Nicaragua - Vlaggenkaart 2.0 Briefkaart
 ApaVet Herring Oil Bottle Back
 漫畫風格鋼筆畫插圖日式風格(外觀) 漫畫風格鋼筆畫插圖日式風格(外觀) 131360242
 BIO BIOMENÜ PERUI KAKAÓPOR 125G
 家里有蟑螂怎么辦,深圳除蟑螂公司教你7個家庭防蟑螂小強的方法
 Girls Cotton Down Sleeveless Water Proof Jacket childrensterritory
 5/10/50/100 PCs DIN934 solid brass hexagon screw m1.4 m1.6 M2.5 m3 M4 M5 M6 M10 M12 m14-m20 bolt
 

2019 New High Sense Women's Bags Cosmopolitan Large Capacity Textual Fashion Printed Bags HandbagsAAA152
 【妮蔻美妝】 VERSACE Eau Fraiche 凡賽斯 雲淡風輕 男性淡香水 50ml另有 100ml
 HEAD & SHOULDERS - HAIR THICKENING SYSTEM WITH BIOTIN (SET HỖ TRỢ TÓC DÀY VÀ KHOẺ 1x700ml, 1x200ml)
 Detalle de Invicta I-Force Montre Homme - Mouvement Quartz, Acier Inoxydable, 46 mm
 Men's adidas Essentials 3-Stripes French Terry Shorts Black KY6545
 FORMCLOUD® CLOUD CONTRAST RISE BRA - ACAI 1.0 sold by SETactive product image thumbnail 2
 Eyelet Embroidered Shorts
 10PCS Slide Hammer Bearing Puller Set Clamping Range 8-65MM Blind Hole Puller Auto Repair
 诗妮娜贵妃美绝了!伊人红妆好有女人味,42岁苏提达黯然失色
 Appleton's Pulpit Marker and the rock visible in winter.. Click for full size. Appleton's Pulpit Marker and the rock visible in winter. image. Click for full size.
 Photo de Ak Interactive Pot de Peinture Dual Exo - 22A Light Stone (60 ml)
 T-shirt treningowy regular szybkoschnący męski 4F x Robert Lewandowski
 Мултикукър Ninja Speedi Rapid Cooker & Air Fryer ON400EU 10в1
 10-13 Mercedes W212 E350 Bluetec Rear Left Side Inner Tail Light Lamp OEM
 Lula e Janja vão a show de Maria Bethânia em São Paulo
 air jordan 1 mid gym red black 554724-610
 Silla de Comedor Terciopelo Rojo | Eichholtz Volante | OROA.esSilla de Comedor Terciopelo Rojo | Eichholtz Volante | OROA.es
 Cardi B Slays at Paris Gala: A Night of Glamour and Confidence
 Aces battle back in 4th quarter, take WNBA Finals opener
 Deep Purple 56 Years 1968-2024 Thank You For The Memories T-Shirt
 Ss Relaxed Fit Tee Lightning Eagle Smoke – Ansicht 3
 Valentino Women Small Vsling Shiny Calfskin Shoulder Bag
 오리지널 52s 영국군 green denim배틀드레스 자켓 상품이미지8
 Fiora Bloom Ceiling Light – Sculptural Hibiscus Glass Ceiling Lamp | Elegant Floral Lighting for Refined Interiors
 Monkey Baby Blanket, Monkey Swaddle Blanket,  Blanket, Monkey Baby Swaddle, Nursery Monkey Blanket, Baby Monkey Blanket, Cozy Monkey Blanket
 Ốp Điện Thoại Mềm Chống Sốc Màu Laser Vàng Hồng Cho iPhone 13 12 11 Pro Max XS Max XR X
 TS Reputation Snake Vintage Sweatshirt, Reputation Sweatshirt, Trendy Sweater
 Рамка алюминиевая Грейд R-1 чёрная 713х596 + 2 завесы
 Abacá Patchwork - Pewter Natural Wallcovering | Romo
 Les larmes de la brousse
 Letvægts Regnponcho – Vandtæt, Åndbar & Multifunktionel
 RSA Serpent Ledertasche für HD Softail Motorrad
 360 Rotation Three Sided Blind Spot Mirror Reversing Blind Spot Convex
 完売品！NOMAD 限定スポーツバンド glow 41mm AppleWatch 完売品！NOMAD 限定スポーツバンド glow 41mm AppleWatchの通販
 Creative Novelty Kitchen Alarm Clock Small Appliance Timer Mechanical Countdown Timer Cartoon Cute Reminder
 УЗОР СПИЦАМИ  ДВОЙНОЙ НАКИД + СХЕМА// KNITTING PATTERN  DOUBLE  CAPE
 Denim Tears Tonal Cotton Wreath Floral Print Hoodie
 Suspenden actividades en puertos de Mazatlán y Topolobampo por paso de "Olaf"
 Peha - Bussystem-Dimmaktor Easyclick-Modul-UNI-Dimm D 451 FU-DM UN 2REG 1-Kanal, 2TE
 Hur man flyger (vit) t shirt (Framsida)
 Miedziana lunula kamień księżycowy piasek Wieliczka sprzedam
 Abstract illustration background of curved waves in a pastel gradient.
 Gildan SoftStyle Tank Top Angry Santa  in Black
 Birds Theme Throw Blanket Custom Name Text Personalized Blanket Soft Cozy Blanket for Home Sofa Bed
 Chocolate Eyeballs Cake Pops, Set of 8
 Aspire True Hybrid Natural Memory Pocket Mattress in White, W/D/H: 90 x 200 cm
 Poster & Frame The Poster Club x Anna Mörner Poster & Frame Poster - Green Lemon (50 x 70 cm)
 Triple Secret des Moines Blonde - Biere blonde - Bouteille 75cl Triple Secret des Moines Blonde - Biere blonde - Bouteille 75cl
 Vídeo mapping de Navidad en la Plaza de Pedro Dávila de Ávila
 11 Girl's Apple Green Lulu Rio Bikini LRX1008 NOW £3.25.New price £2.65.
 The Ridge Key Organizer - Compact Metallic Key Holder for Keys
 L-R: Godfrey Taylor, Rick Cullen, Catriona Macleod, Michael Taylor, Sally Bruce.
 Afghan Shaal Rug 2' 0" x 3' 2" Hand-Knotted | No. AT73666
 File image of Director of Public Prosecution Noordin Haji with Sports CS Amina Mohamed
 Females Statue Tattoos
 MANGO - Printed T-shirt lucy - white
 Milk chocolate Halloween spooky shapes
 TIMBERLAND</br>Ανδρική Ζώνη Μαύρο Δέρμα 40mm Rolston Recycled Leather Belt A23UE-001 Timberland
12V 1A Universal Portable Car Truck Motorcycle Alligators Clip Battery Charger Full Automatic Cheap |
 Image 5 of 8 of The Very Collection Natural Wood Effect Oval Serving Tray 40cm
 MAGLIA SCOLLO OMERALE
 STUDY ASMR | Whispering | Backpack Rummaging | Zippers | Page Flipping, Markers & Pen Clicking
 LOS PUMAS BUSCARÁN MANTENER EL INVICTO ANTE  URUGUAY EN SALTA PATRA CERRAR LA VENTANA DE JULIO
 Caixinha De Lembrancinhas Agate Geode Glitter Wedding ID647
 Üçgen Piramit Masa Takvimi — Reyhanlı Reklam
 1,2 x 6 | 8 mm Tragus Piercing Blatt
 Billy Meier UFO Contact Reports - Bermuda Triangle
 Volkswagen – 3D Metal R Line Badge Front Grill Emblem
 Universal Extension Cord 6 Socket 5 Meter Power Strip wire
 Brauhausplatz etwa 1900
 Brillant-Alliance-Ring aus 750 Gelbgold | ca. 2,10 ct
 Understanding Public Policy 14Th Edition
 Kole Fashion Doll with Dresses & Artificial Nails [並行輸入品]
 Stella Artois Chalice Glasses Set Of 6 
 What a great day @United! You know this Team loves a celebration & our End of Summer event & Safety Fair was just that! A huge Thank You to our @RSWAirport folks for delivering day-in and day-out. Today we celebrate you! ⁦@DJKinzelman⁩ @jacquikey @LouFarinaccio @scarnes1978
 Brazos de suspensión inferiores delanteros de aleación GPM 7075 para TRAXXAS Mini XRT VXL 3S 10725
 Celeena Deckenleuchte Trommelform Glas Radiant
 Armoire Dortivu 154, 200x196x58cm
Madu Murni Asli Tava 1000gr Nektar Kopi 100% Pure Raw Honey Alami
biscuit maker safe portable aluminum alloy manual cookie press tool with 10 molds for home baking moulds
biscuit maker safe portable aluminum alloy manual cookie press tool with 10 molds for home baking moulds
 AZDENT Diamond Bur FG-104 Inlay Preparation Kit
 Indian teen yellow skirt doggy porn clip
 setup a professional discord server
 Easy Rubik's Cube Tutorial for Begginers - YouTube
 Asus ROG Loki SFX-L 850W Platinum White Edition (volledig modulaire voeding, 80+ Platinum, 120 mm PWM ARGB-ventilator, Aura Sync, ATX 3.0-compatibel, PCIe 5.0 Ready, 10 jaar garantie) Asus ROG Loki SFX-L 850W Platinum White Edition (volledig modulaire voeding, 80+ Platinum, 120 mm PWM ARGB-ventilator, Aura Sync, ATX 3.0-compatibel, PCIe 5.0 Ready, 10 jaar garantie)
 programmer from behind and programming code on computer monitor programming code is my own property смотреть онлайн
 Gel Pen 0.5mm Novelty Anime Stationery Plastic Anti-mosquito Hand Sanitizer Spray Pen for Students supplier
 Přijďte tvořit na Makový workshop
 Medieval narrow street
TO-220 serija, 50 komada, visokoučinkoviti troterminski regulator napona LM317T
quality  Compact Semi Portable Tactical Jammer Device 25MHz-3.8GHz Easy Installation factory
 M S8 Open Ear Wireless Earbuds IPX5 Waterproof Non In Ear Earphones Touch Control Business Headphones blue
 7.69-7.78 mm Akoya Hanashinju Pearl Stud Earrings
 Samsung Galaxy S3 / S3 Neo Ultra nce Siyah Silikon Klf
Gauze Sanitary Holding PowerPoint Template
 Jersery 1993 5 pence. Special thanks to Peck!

__________________________________________________

• _WORK TO BE COMPLETED_: From the listing above, return the lines starting at the one with "Volkswagen – 3D" and ending at the one with "Kole Fashion Doll", both kept, exactly as they appear and nothing more.

• _WRITTEN SOLUTION_:
 Volkswagen – 3D Metal R Line Badge Front Grill Emblem
 Universal Extension Cord 6 Socket 5 Meter Power Strip wire
 Brauhausplatz etwa 1900
 Brillant-Alliance-Ring aus 750 Gelbgold | ca. 2,10 ct
 Understanding Public Policy 14Th Edition
 Kole Fashion Doll with Dresses & Artificial Nails [並行輸入品]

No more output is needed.